### BRIEF
From the listing below, output only the lines starting at the line that has "LUND COPENHAGEN |" and ending at the line that has "iPhone 15 Pro", exactly as they appear, ends included.

****************************************

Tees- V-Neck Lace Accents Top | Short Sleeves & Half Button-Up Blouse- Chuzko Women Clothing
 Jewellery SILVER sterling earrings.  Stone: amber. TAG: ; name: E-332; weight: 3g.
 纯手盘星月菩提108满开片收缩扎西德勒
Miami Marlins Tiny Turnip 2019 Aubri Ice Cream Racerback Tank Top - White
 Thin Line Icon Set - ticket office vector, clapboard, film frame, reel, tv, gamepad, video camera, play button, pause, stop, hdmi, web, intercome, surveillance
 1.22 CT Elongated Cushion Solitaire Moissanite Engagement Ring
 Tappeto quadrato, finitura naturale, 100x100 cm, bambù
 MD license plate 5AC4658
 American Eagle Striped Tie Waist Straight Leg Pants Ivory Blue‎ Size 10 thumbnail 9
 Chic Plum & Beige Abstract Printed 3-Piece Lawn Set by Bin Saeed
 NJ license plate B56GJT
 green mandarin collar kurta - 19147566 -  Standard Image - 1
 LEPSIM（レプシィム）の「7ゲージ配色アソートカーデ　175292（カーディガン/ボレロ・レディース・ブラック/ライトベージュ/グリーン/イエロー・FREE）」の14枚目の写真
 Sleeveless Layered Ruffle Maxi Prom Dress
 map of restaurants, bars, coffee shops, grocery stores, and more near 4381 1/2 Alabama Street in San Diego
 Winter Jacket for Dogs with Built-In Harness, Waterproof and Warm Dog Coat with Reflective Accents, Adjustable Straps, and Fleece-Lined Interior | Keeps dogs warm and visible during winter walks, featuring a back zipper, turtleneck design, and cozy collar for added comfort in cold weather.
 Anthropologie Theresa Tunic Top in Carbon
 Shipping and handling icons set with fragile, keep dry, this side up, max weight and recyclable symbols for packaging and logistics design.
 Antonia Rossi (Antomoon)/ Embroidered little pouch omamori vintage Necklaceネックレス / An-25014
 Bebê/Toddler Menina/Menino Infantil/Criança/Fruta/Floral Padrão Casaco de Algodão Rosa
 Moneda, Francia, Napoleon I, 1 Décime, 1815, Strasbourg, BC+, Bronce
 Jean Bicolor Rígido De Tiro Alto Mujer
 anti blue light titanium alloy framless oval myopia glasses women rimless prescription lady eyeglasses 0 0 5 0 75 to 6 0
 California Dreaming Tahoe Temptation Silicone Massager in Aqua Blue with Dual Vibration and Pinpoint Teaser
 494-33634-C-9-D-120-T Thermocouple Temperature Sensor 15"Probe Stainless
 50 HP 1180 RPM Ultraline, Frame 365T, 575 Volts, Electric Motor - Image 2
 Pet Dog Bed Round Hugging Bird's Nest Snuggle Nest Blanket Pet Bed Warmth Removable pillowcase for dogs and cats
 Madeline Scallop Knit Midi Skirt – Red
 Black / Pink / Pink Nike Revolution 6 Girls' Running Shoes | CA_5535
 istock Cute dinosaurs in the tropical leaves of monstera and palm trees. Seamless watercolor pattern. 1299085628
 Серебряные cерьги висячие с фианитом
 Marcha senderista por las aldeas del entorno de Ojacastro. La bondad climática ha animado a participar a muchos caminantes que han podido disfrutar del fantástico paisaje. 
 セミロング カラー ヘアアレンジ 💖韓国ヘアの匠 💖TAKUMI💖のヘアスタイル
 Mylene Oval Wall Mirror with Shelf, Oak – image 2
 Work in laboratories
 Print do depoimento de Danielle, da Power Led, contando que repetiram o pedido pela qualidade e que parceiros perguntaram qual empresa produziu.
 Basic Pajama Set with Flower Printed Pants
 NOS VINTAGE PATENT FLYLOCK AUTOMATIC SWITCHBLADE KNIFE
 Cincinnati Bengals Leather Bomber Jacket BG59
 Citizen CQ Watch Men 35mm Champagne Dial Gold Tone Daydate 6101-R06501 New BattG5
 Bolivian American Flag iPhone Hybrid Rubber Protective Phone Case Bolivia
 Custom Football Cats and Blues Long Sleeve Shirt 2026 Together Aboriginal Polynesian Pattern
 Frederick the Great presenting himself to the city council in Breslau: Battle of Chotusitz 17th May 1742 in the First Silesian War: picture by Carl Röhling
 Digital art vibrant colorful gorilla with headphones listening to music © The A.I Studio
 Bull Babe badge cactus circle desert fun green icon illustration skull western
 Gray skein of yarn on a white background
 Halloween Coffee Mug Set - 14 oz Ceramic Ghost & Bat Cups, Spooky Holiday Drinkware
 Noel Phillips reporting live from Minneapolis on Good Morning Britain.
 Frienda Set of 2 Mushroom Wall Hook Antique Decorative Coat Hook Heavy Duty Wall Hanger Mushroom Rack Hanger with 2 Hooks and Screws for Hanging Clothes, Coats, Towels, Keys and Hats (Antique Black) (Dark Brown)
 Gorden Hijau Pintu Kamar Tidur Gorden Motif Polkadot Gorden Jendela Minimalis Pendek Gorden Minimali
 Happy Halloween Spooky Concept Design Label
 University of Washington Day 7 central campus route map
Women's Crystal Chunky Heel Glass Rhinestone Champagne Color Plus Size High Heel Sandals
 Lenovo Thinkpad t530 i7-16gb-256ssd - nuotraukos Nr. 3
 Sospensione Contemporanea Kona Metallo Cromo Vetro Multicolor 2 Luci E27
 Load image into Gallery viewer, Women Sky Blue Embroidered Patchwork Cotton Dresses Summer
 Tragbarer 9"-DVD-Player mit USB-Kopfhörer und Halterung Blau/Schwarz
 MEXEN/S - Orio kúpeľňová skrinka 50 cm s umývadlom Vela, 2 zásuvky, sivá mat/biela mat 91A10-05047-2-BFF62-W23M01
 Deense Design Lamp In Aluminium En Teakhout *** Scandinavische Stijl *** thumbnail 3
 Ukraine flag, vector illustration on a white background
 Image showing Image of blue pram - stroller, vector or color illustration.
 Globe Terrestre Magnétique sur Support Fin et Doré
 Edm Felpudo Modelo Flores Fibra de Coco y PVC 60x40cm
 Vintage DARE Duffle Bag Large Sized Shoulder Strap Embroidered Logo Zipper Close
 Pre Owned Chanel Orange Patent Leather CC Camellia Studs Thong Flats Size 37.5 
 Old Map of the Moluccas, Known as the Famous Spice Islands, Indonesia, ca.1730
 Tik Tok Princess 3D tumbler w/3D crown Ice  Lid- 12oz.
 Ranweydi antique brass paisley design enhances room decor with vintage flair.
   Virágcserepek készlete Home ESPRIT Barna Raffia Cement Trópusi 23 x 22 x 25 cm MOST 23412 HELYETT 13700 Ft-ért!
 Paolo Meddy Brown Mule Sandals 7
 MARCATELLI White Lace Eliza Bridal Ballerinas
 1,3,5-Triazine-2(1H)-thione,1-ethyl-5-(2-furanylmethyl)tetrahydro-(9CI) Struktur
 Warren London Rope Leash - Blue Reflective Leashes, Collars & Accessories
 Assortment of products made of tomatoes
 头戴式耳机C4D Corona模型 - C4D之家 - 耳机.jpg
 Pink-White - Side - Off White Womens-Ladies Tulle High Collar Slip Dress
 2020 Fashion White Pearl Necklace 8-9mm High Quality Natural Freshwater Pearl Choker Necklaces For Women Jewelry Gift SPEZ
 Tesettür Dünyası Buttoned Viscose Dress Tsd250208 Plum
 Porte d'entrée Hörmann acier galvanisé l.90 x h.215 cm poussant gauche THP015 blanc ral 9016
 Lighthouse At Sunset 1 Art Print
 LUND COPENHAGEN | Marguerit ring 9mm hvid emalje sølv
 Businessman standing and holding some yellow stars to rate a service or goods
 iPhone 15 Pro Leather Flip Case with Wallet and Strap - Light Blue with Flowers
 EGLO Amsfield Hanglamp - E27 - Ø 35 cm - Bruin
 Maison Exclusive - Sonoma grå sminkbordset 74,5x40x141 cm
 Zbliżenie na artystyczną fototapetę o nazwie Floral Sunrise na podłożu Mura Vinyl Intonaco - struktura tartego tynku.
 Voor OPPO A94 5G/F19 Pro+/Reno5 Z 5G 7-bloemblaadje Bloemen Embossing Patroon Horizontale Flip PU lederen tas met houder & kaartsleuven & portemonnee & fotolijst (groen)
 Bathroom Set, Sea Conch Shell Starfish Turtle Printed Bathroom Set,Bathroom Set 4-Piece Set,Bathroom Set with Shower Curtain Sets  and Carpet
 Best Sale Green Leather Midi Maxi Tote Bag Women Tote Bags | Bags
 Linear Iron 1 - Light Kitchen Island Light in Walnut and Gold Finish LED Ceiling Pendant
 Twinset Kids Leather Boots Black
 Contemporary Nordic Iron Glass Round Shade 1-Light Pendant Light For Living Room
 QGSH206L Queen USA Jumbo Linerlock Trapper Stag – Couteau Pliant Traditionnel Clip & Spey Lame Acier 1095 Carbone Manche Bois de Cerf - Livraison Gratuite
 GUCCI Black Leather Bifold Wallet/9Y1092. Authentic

****************************************

### RESULT BELOW
 LUND COPENHAGEN | Marguerit ring 9mm hvid emalje sølv
 Businessman standing and holding some yellow stars to rate a service or goods
 iPhone 15 Pro Leather Flip Case with Wallet and Strap - Light Blue with Flowers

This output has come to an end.